- _Recorded information_

###

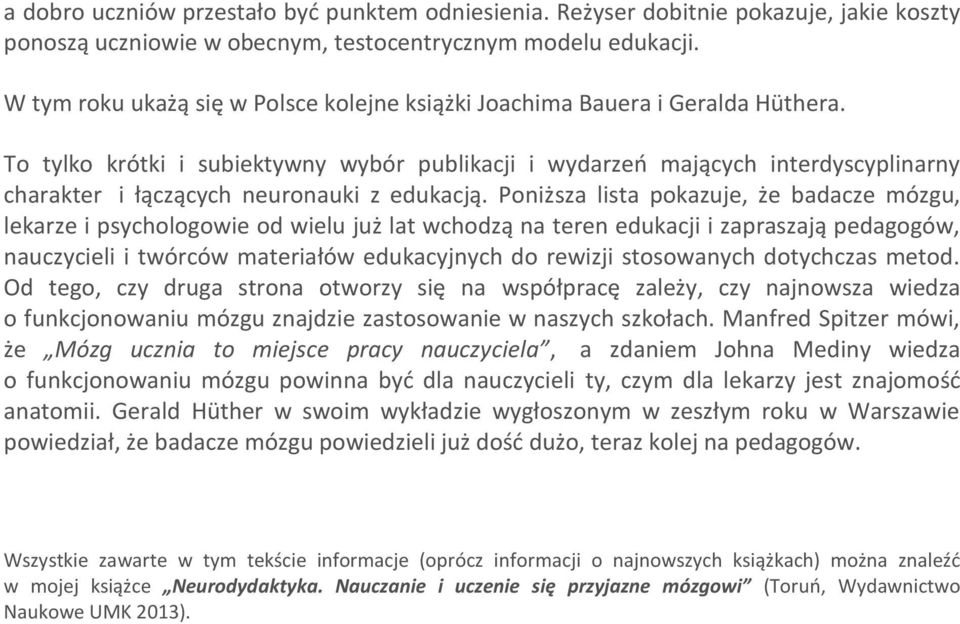 To tylko krótki i subiektywny wybór publikacji i wydarzeń mających interdyscyplinarny charakter i łączących neuronauki z edukacją.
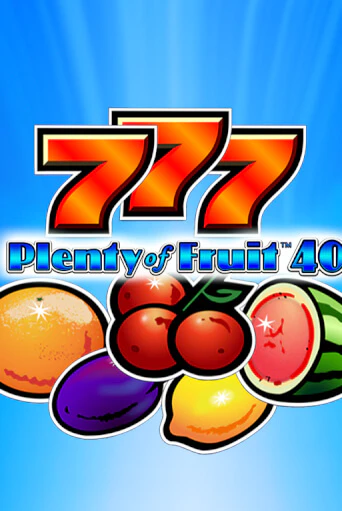Бесплатная игра Plenty of Fruit 40 | Вулкан Казино играть онлайн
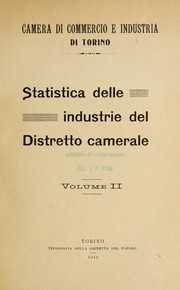 Cover of: Statistica delle industrie del distretto camerale ... by Turin (Italy : Province). Economia corporativa, Consiglio provinciale dell'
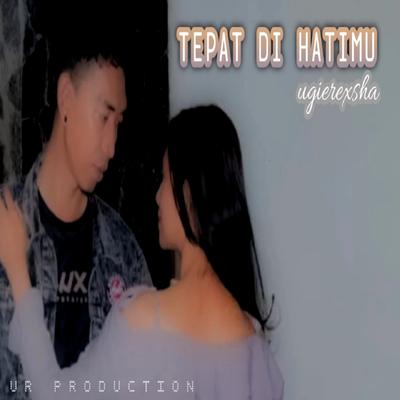 Tepat Di Hatimu's cover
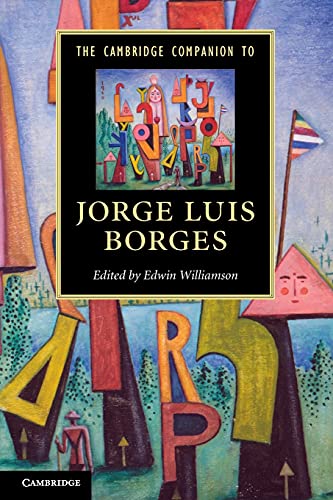 The Cambridge Companion to Jorge Luis Borges (Cambridge Companions to Literature) von Cambridge University Press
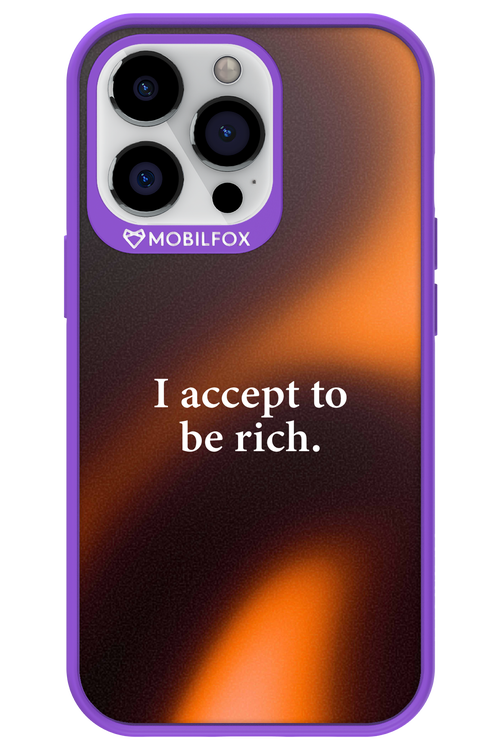 I accept to be rich - Apple iPhone 13 Pro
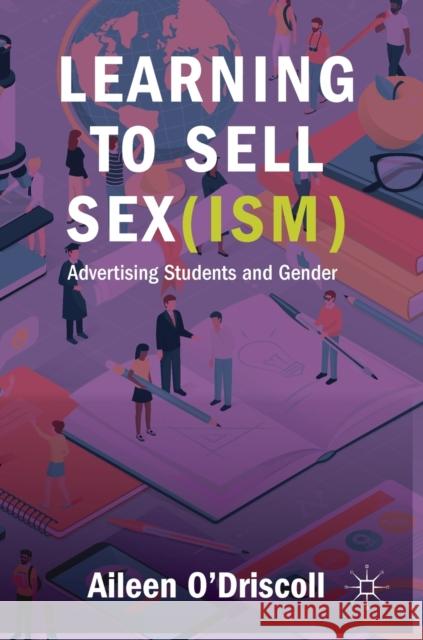 Learning to Sell Sex(ism): Advertising Students and Gender O'Driscoll, Aileen 9783319942797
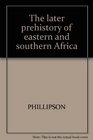 The later prehistory of eastern and southern Africa
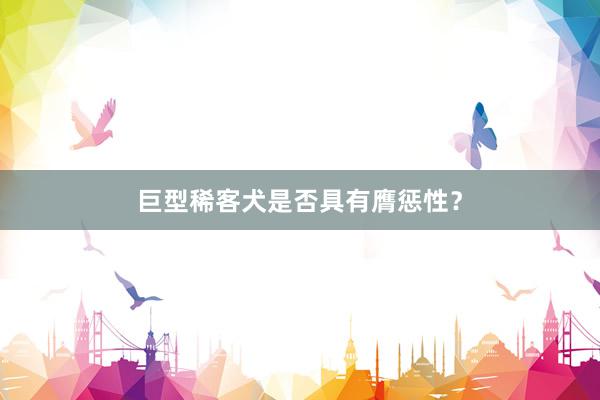 巨型稀客犬是否具有膺惩性？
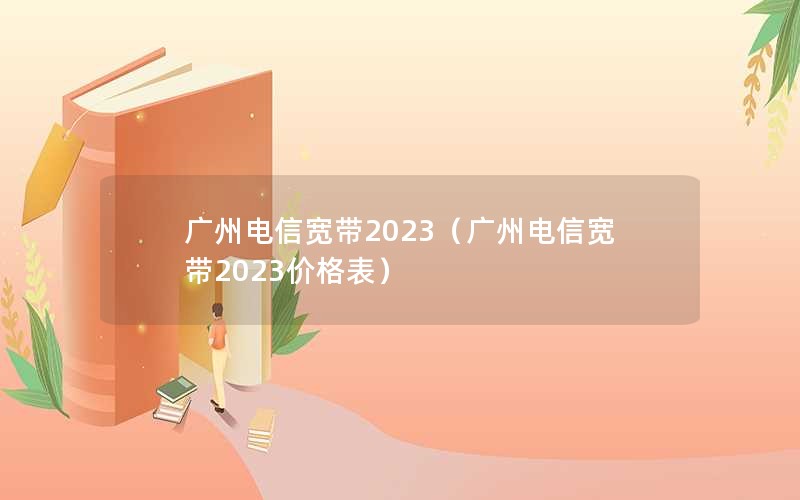 广州电信宽带2023（广州电信宽带2023价格表）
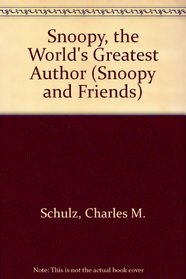 Snoopy, the World's Greatest Author (Schulz, Charles M. Snoopy and Friends.)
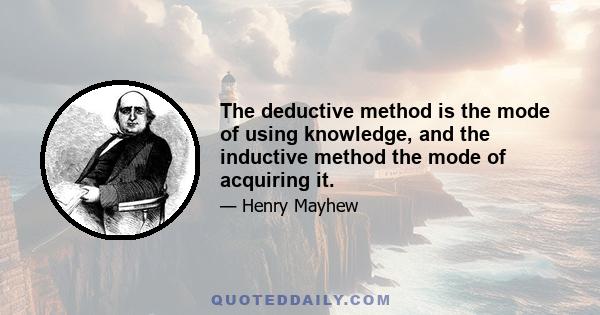 The deductive method is the mode of using knowledge, and the inductive method the mode of acquiring it.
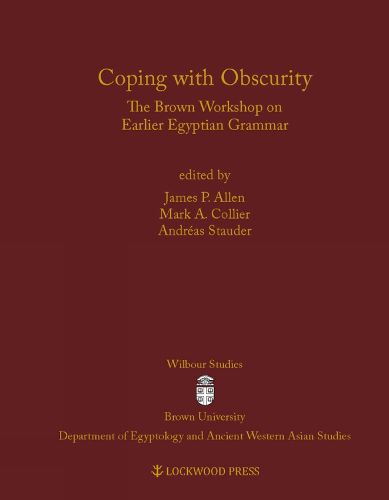 Cover image for Coping with Obscurity: The Brown Workshop on Earlier Egyptian Grammar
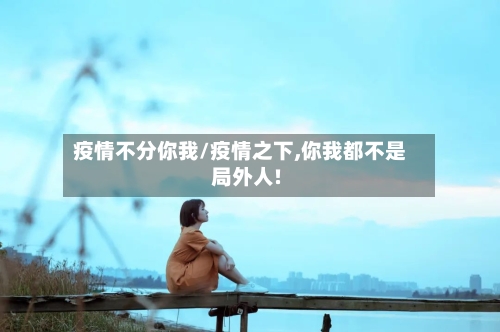 疫情不分你我/疫情之下,你我都不是局外人!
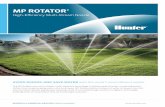 MP ROTATOR - Hunter Industries · MP ROTATOR ® High-Efficiency Multi-Stream Nozzle ... be reduced up to 25%. Efficient Application Multiple rotating streams provide even coverage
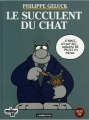 Couverture Le Chat, best of : Le  succulent du Chat Editions Casterman 2006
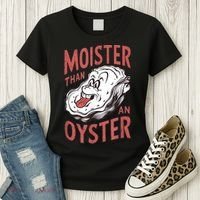 Moister Than An Oyster Funny Shucking Shellfish Shucker Women's T-Shirt thumb 3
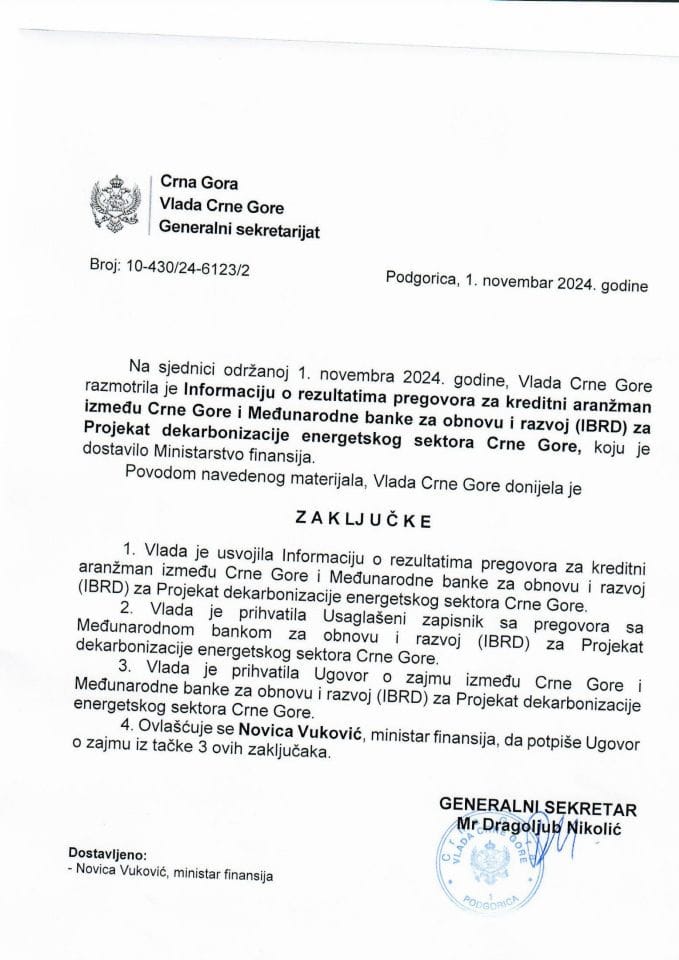Informacija o rezultatima pregovora za kreditni aranžman između Crne Gore i Međunarodne banke za obnovu i razvoj (IBRD) za Projekat dekarbonizacije energetskog sektora Crne Gore sa Usaglašenim zapisnikom i Predlogom ugovora o zajmu - zaključci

###

- _Task details_
Omitting all pictures, copy the preceding entries without any alteration.

- _Result of the task_
 To tylko krótki i subiektywny wybór publikacji i wydarzeń mających interdyscyplinarny charakter i łączących neuronauki z edukacją.
Бесплатная игра Plenty of Fruit 40 | Вулкан Казино играть онлайн
 Cover of: Statistica delle industrie del distretto camerale ... by Turin (Italy : Province). Economia corporativa, Consiglio provinciale dell'
 Tepat Di Hatimu's cover
 The Cambridge Companion to Jorge Luis Borges (Cambridge Companions to Literature) von Cambridge University Press
 I accept to be rich - Apple iPhone 13 Pro
 Learning to Sell Sex(ism): Advertising Students and Gender O'Driscoll, Aileen 9783319942797
 The later prehistory of eastern and southern Africa
 巨型稀客犬是否具有膺惩性？
 广州电信宽带2023（广州电信宽带2023价格表）
 Snoopy, the World's Greatest Author (Schulz, Charles M. Snoopy and Friends.)
 The deductive method is the mode of using knowledge, and the inductive method the mode of acquiring it.
 Cover image for Coping with Obscurity: The Brown Workshop on Earlier Egyptian Grammar
 疫情不分你我/疫情之下,你我都不是局外人!
 MP ROTATOR - Hunter Industries · MP ROTATOR ® High-Efficiency Multi-Stream Nozzle ... be reduced up to 25%. Efficient Application Multiple rotating streams provide even coverage
 Couverture Le Chat, best of : Le  succulent du Chat Editions Casterman 2006
 Moister Than An Oyster Funny Shucking Shellfish Shucker Women's T-Shirt thumb 3
Informacija o rezultatima pregovora za kreditni aranžman između Crne Gore i Međunarodne banke za obnovu i razvoj (IBRD) za Projekat dekarbonizacije energetskog sektora Crne Gore sa Usaglašenim zapisnikom i Predlogom ugovora o zajmu - zaključci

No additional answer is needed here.